(Provided data begins)

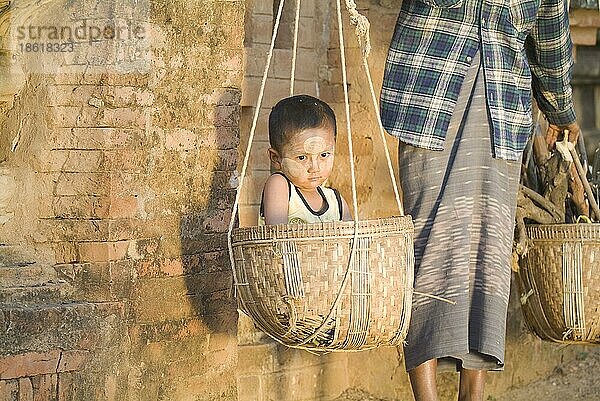 Burmesin trägt Kind und Holz im Korb über Schulter  Bagan  Burma  Pagan  Myanmar  Asien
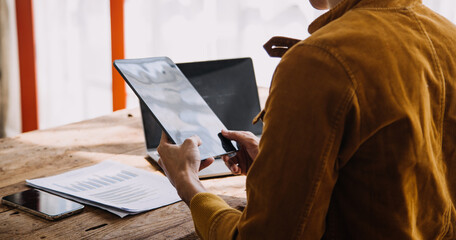 Obraz premium Entrepreneur Asian businessman and businesswoman discussing new business project in tablet in modern Meeting In Modern Office, Asian business casual concept.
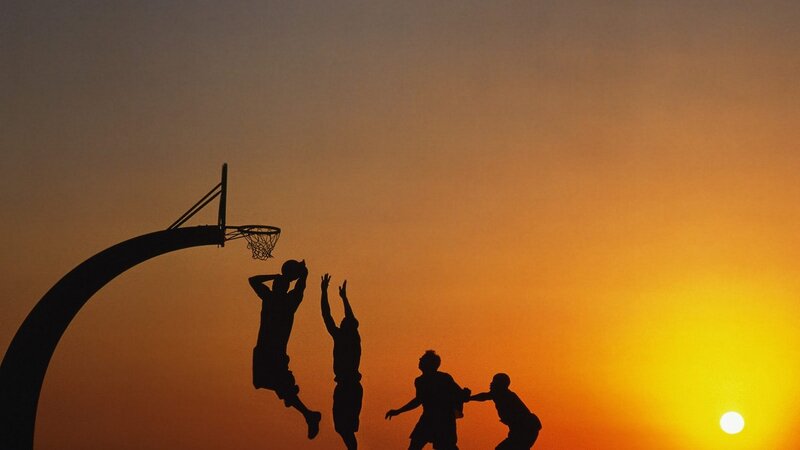 Silhouettes of basketball players at sunset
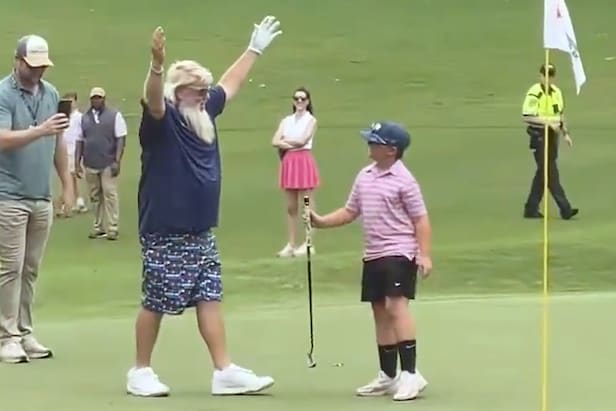 John Daly picks kid out of crowd to hit putt after knocking it close, kid drains it like a pro – Australian Golf Digest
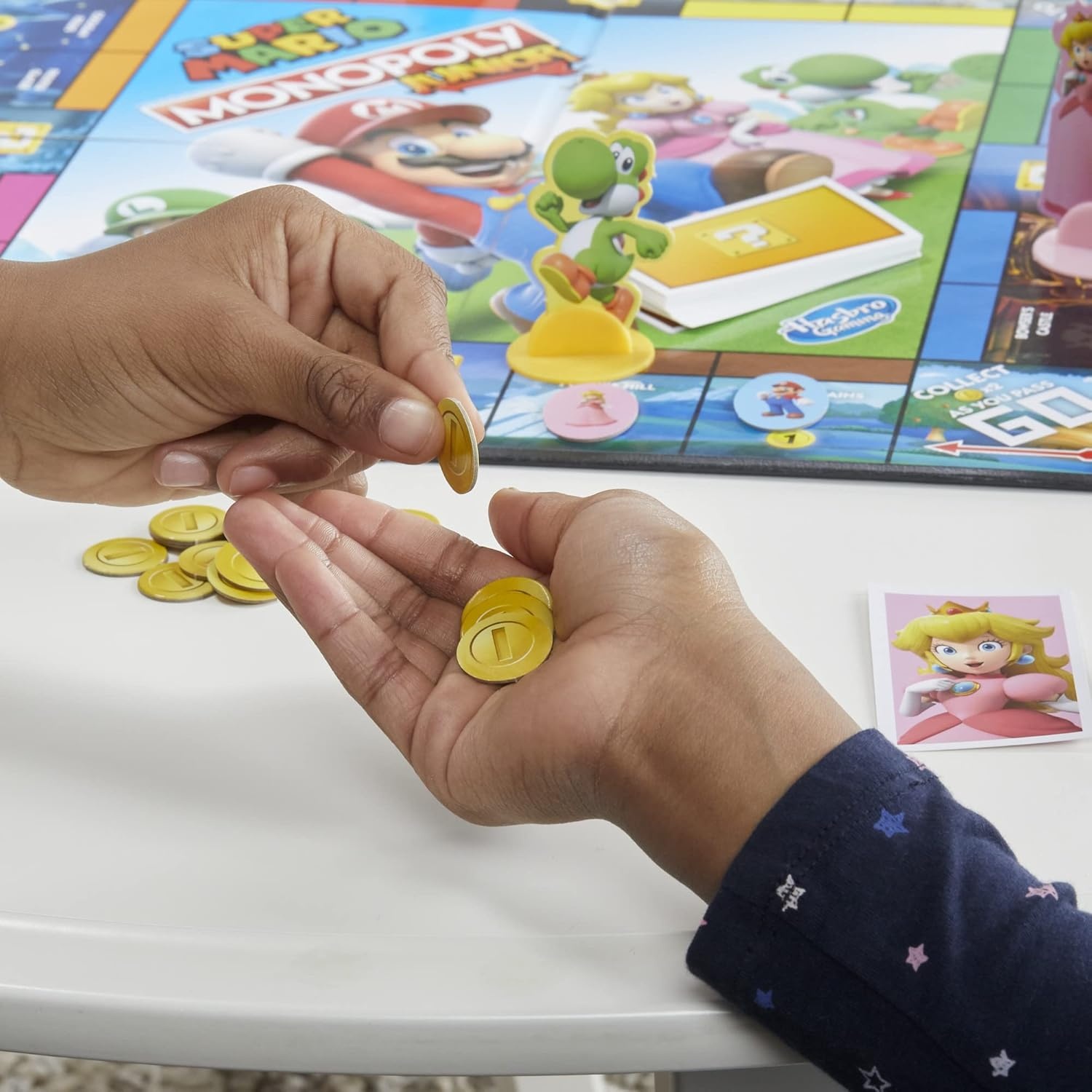 image:imageMonopoly Junior Super Mario Edition Board Game Fun Kids Ages 5 and Up Explore The Mushroom Kingdom as Mario Peach Yoshi or Luigi Amazon Exclusive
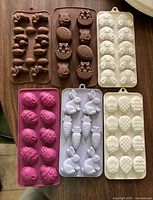 Six silicone Easter baking molds in assorted colours and designs
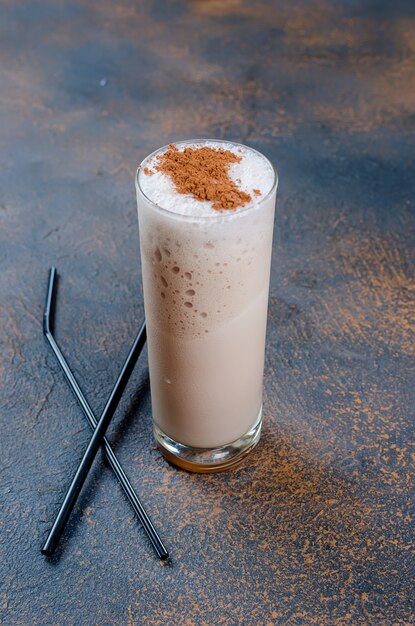 Milk chocolate cocktail or cold whipped coffee with milk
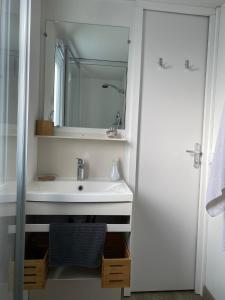 a bathroom with a sink and a mirror at Mobil Home 3 chambres climatisé tout équipé in Valras-Plage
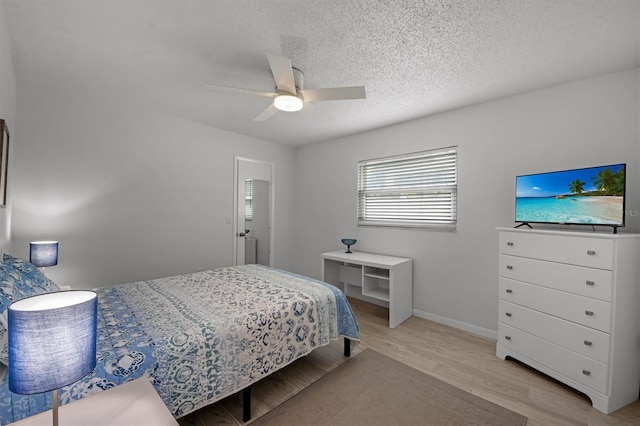 bedroom featuring a textured ceiling, light hardwood / wood-style floors, and ceiling fan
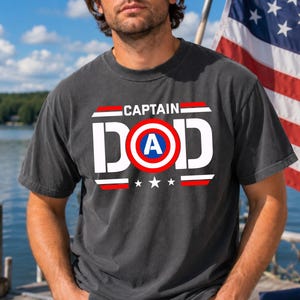 K&ouml;nnte beinhalten: Dunkelgraues T-Shirt mit dem Schriftzug "CAPTAIN DAD" in Wei&szlig;, Rot und Blau. Das Design beinhaltet ein Schild mit dem Buchstaben "A" darin und drei Sternen darunter. Das T-Shirt wird von einer Person getragen.
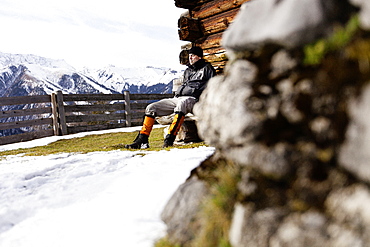 Hiker taking a rest, Wooden alpine hut, descent from Unnutz Mountain (2078 m), Rofan Mountains, Tyrol, Austria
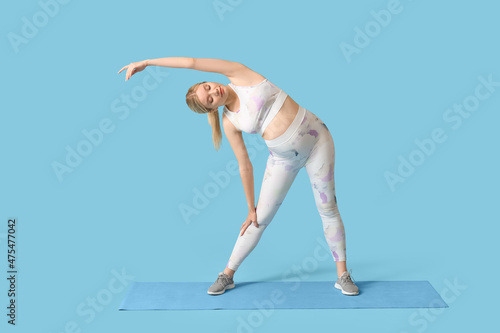 Young pregnant woman exerci...
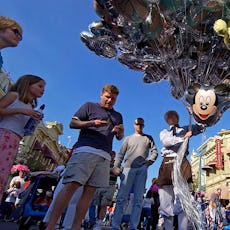 A dad pays for souvenir balloons at Walt Disney World.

(Provided data ends)

Task brief: All of the records above are to be printed exactly, with every picture omitted.

Result of this task:
 Burmesin trägt Kind und Holz im Korb über Schulter  Bagan  Burma  Pagan  Myanmar  Asien
 Obraz premium Entrepreneur Asian businessman and businesswoman discussing new business project in tablet in modern Meeting In Modern Office, Asian business casual concept.
 Silhouettes of basketball players at sunset
 John Daly picks kid out of crowd to hit putt after knocking it close, kid drains it like a pro – Australian Golf Digest
 image:imageMonopoly Junior Super Mario Edition Board Game Fun Kids Ages 5 and Up Explore The Mushroom Kingdom as Mario Peach Yoshi or Luigi Amazon Exclusive
 Six silicone Easter baking molds in assorted colours and designs
 Milk chocolate cocktail or cold whipped coffee with milk
 a bathroom with a sink and a mirror at Mobil Home 3 chambres climatisé tout équipé in Valras-Plage
 bedroom featuring a textured ceiling, light hardwood / wood-style floors, and ceiling fan
 K&ouml;nnte beinhalten: Dunkelgraues T-Shirt mit dem Schriftzug "CAPTAIN DAD" in Wei&szlig;, Rot und Blau. Das Design beinhaltet ein Schild mit dem Buchstaben "A" darin und drei Sternen darunter. Das T-Shirt wird von einer Person getragen.
 Hiker taking a rest, Wooden alpine hut, descent from Unnutz Mountain (2078 m), Rofan Mountains, Tyrol, Austria
 Young pregnant woman exerci...
 A dad pays for souvenir balloons at Walt Disney World.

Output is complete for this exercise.